Endpoint Protection

 View Only

  • 1.  Linux system scan shows 1000s of files/folders as skipped

    Posted Oct 16, 2017 02:09 PM
      |   view attached

    Hello,  We are on SEP version 14 MP2. Whenever i scan my linux endpoints, the scan result in the SEP Manager shows 1000s of files/folders as skipped on the endpoint.  I am running the scan as root user and we don't have any exceptions configured. How can i get a list of files/folders that were skipped during the scan ?  I am disappointed that the SEP Manager doesn't even show details of directories that were skipped.  Morever, there isn't even any log file generated on the local linux endpoint itself that logs these details .

     

     

     



  • 2.  RE: Linux system scan shows 1000s of files/folders as skipped

    Posted Oct 16, 2017 02:17 PM

    Is there any exceptions in place that may be causing this? I don't see anything in the release notes to indicate this is a bug.



  • 3.  RE: Linux system scan shows 1000s of files/folders as skipped

    Posted Oct 16, 2017 02:24 PM

    Thanks for replying Brian. No we don't have any exceptions configured in the SEP Manager console.  If i click on "Policies >> Exceptions" in the SEP Manager console, it shows only 1 default policy that was created automatically during the installation. This doesn't have anything listed underneath it.

     



  • 4.  RE: Linux system scan shows 1000s of files/folders as skipped

    Posted Oct 16, 2017 03:50 PM
    I'm not 100% sure on the linux client, but the windows client keeps track of all files scanned within a given virus definition through a file scan cache. If a file has already been touched by a def scan or autoprotect it will be skipped until Symantec releases a new set of definitions. My guess is that the files you are seeing being skipped has already been scanned.

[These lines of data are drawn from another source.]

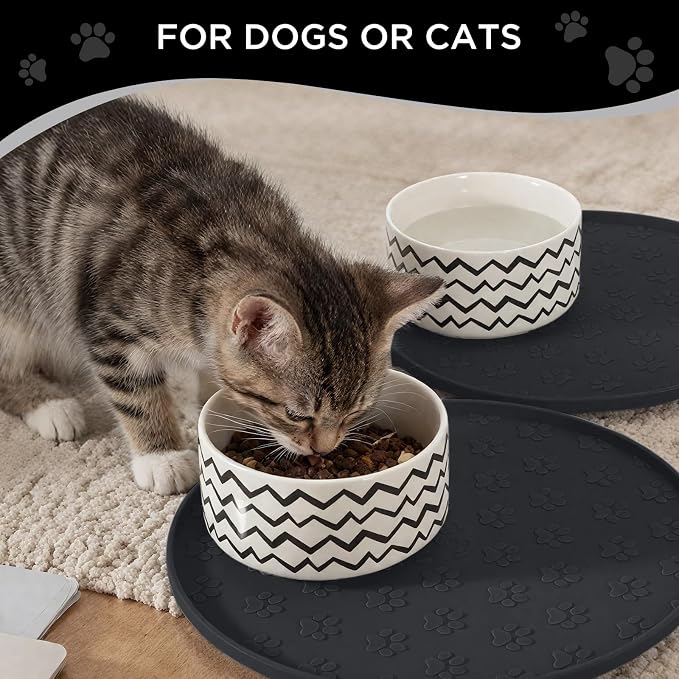 Comtim Waterproof Dog Food Mat - Image 3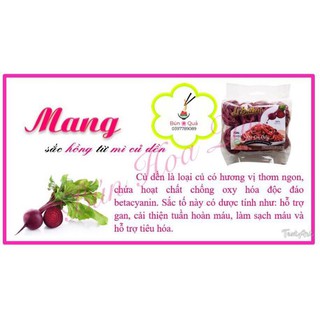 Mì Củ Dền Duy Anh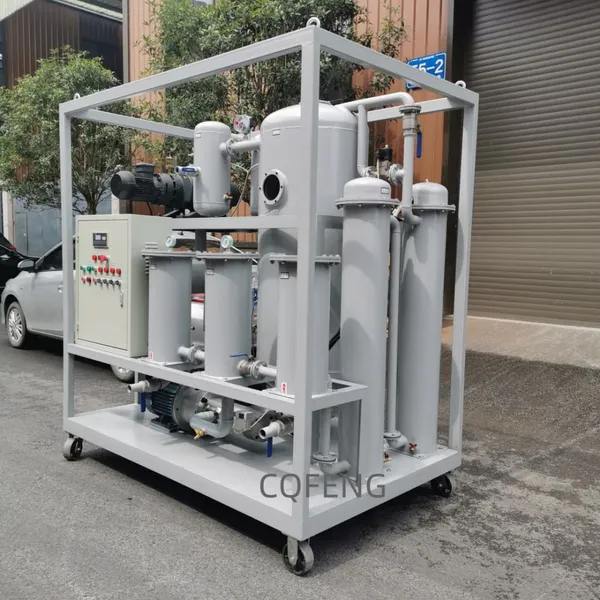 Transformer Oil Purification Machine From China photo-2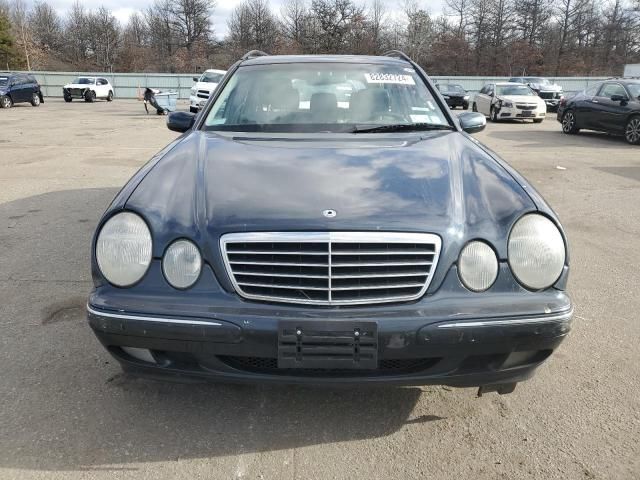 2001 Mercedes-Benz E 320 4matic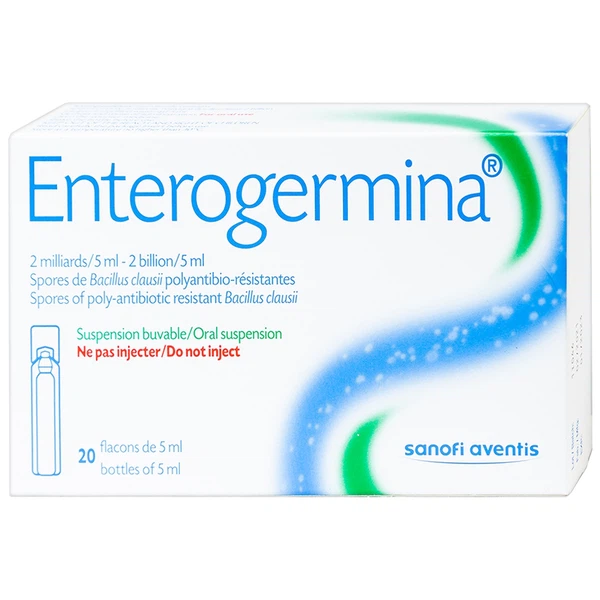 Men tiêu hóa cho bé Enterogermina 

  • 5.  RE: Linux system scan shows 1000s of files/folders as skipped

    Posted Oct 16, 2017 04:24 PM

    Thanks Torb. The virus scan on the linux endpoint was the 1st manual scan that i ran on that system immediately after installing the AV. If the 1st scan is itself showing 1000s of directories omitted then as an end user it would be nice to know what is causing it. Tech support has no clue about it. I already have a ticket open and they don't have an answer.  Thanks for your suggestion that if a file has already been touched by auto protect, it will be skipped. But i couldn't find this documented anywhere.

     



  • 6.  RE: Linux system scan shows 1000s of files/folders as skipped

    Posted Oct 16, 2017 04:53 PM

    See https://support.symantec.com/en_US/article.TECH191600.html



  • 7.  RE: Linux system scan shows 1000s of files/folders as skipped
    Best Answer

    Posted Jan 09, 2018 11:45 AM

    FYI it turns out that the files skipped were from the Linux virtual filesystems /proc/ etc. The local /var/log/syslog or dmesg will show the directories being skipped.